**INSTRUCTIONS FOR THE TASK**
Leave every image out, and print the remaining lines below exactly.

**DATA PROVIDED**
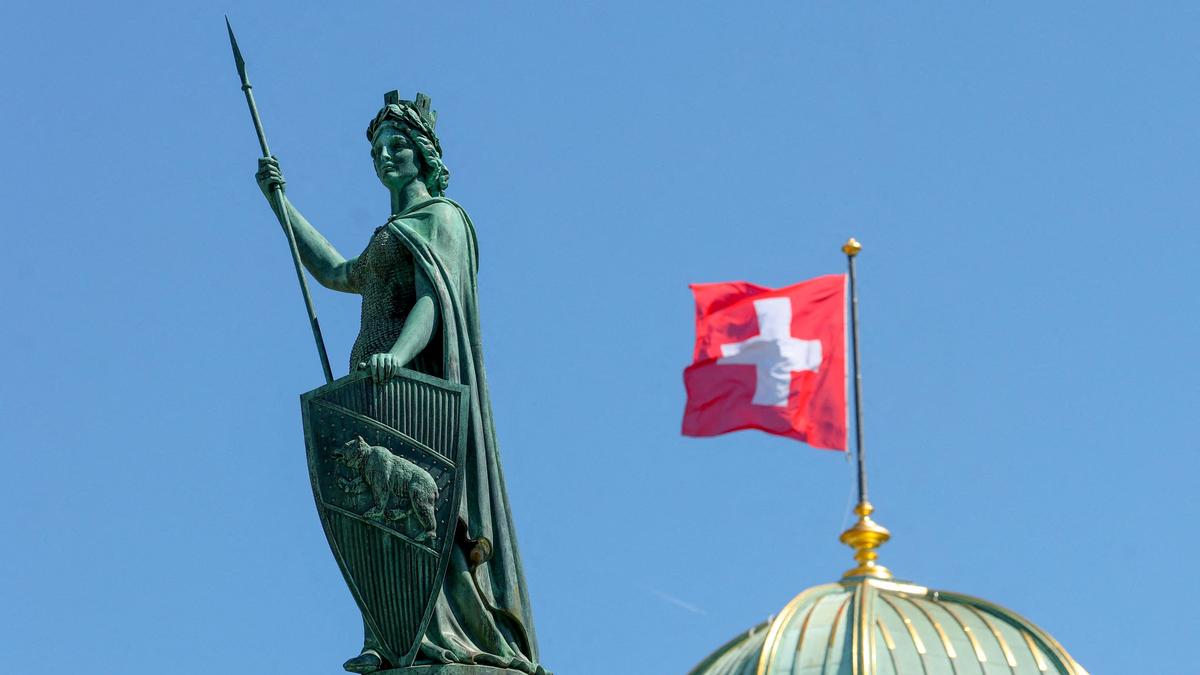 What is Switzerland’s ‘neutrality initiative’? | Explained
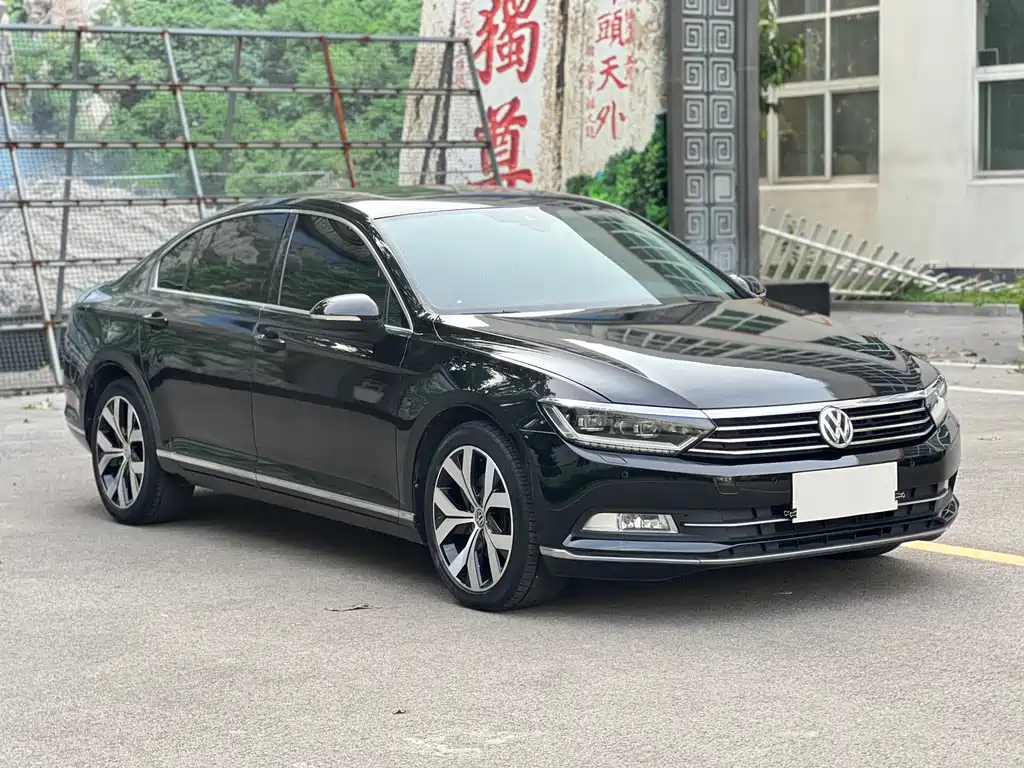 Volkswagen Magotan 2018 — фото 3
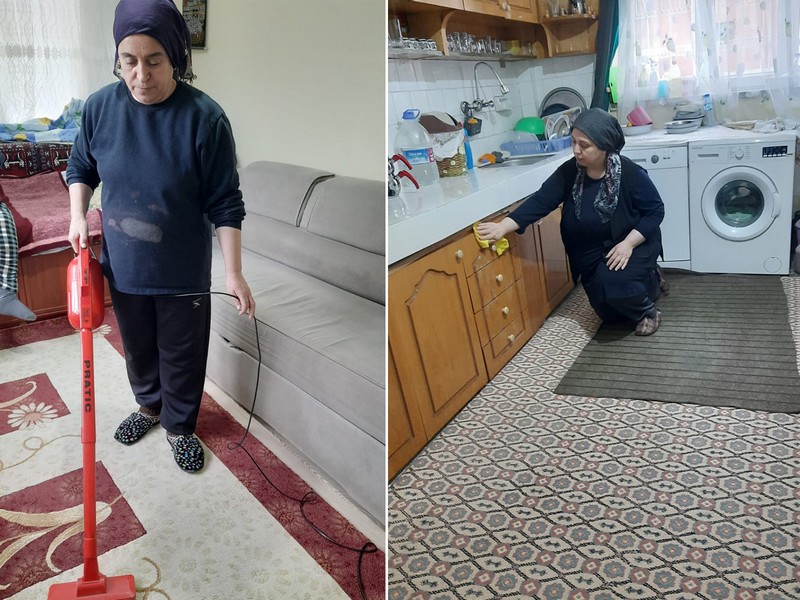 SANDIKLI BELEDİYESİNDEN VATANDAŞLARA BÜYÜK DESTEK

**SOLUTION TO THE EXERCISE**
 What is Switzerland’s ‘neutrality initiative’? | Explained
 Volkswagen Magotan 2018 — фото 3
 SANDIKLI BELEDİYESİNDEN VATANDAŞLARA BÜYÜK DESTEK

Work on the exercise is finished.